Detailed Description

This proposal is to begin to elucidate the origins of pediatric primary hypertension and determine how it causes cardiac and renal disease. The primary hypothesis is than an altered renin-angiotensin system leads to the development of pediatric primary hypertension-related organ damage in the heart and kidney, specifically left ventricular hypertrophy and albuminuria. It is postulated that relative increase in angiotensin (Ang) ll tone compared to Ang-(1-7) tone in the circulation and the kidney (measured in the plasma and urine, respectively) leads to disease. The secondary hypotheses are that abnormalities in renin-angiotensin system tone are related to higher uric acid and FGF23, lower klotho, and, with concurrent obesity, contribute to nonalcoholic fatty liver disease. The investigators will recruit 100 subjects aged 5-17 years who are referred for a new diagnosis of pediatric primary hypertension to the Pediatric Nephrology clinic at Brenner Children's Hospital, 50 normotensive subjects with obesity recruited from the Brenner Families-in-Training program, and 10 healthy normotensive from a general pediatrics clinic in the Wake Forest Baptist Health System.

Study Type

Observational

Enrollment (Actual)

35

Contacts and Locations

This section provides the contact details for those conducting the study, and information on where this study is being conducted.

Study Locations

    • North Carolina
      • Winston-Salem, North Carolina, United States, 27157
        • Wake Forest Baptist Medical Center

Participation Criteria

Researchers look for people who fit a certain description, called eligibility criteria. Some examples of these criteria are a person's general health condition or prior treatments.

Eligibility Criteria

Ages Eligible for Study

5 years to 17 years (Child)

Accepts Healthy Volunteers

Yes

Sampling Method

Non-Probability Sample

Study Population

Patients of the Pediatric Nephrology Clinic and Pediatric Gastroenterology Clinic at Brenner Children's Hospital. Patients from a general pediatric clinic at Wake Forest Baptist Health.

Description

Inclusion Criteria:

  • Hypertension cohort: 5 to 17 years old with a new diagnosis of pediatric primary hypertension (systolic or diastolic blood pressure >=95th percentile for age/sex/height or >=130/80 mmHg.
  • Normotensive controls with obesity: 5 to 17 years old with normal systolic and diastolic blood pressure (<90th percentile for age/sex/height or <120/80 mmHg) and BMI >=85th percentile for age/sex.
  • Normotensive controls: 5 to 17 years old with normal systolic and diastolic blood pressure (<90th percentile for age/sex/height or <120/80 mmHg).

Exclusion Criteria:

  • Secondary hypertension
  • Confounding medical condition (e.g. diabetes mellitus, chronic kidney disease, heart disease, vascular disease, inflammatory or rheumatologic disease)
  • Non-English and non-Spanish speaking
  • Inability to complete assessments

Study Plan

This section provides details of the study plan, including how the study is designed and what the study is measuring.
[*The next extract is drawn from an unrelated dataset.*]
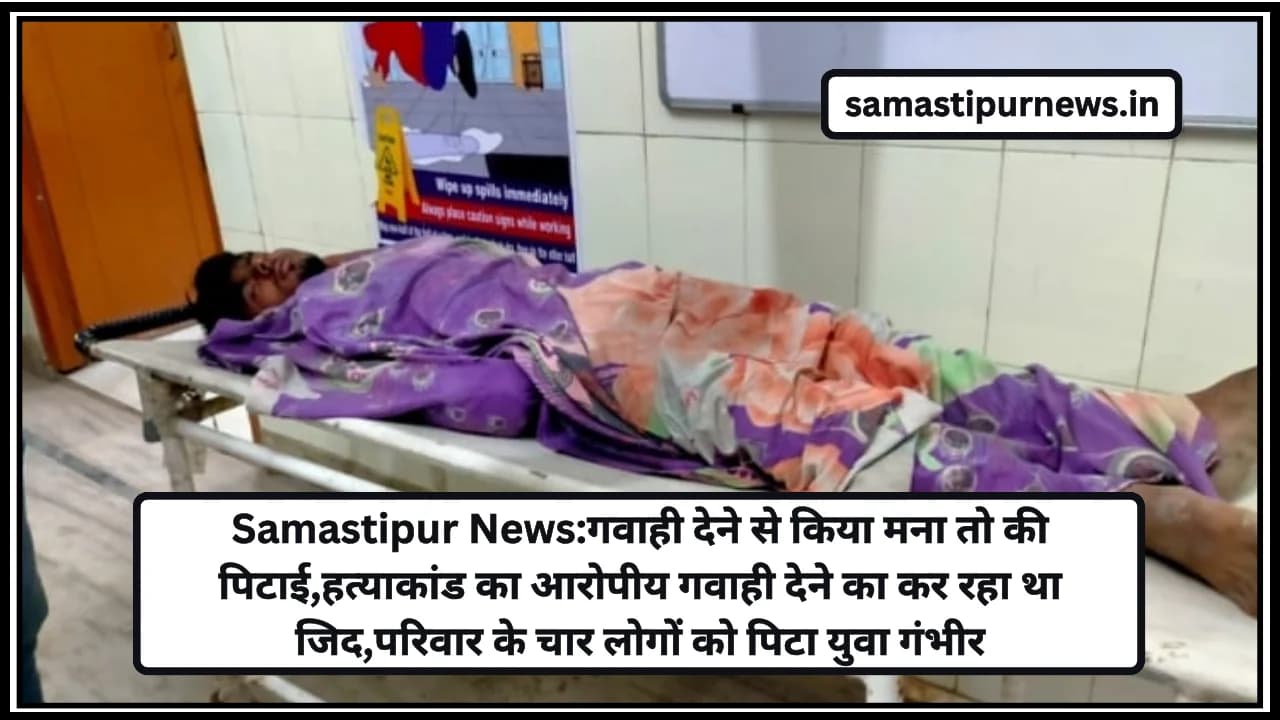 Samastipur News:गवाही देने से किया मना तो की पिटाई,हत्याकांड का आरोपीय गवाही देने का कर रहा था जिद,परिवार के चार लोगों को पिटा युवा गंभीर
How is the study designed?

Design Details

Cohorts and Interventions

Group / Cohort
Hypertensive
Clinical data will be collected from the electronic medical record, including height, weight, age, sex, parent-reported race, and past medical and family histories. Antihypertensive medication type and dosage will be recorded. Blood and urine samples will be collected at baseline and yearly for three years. All subjects will receive baseline and yearly echocardiograms. Subjects with overweight/obesity (BMI >=85th percentile for age and sex) will receive baseline and yearly ultrasounds of the liver to evaluate for hepatic fat infiltration. Auscultated, continuous and ambulatory blood pressure will be measured at baseline and yearly.
Normotensive with Obesity

Clinical data will be collected from the electronic medical record, including height, weight, age, sex, parent-reported race, and past medical and family histories. Subjects will receive a baseline ultrasound of the liver to evaluate hepatic fat infiltration as per standard of care.

Blood and urine will be collected at baseline to measure liver function (AST, ALT) and uric acid, angiotensin ll, and angiotensin-(1-7).

Healthy Normotensive
Clinical data will be collected from the electronic medical record, including height, weight, age, sex, parent-reported race, and past medical and family histories. Subjects will have baseline echocardiograms. Blood pressure will be measured at baseline and at one year. Continuous blood pressure and ambulatory blood pressure monitoring will be assessed at baseline. Blood and urine samples will be used to measure uric acid, FGF23, klotho, and albumin, as well as the predictors angiotensin ll and angiotensin-(1-7).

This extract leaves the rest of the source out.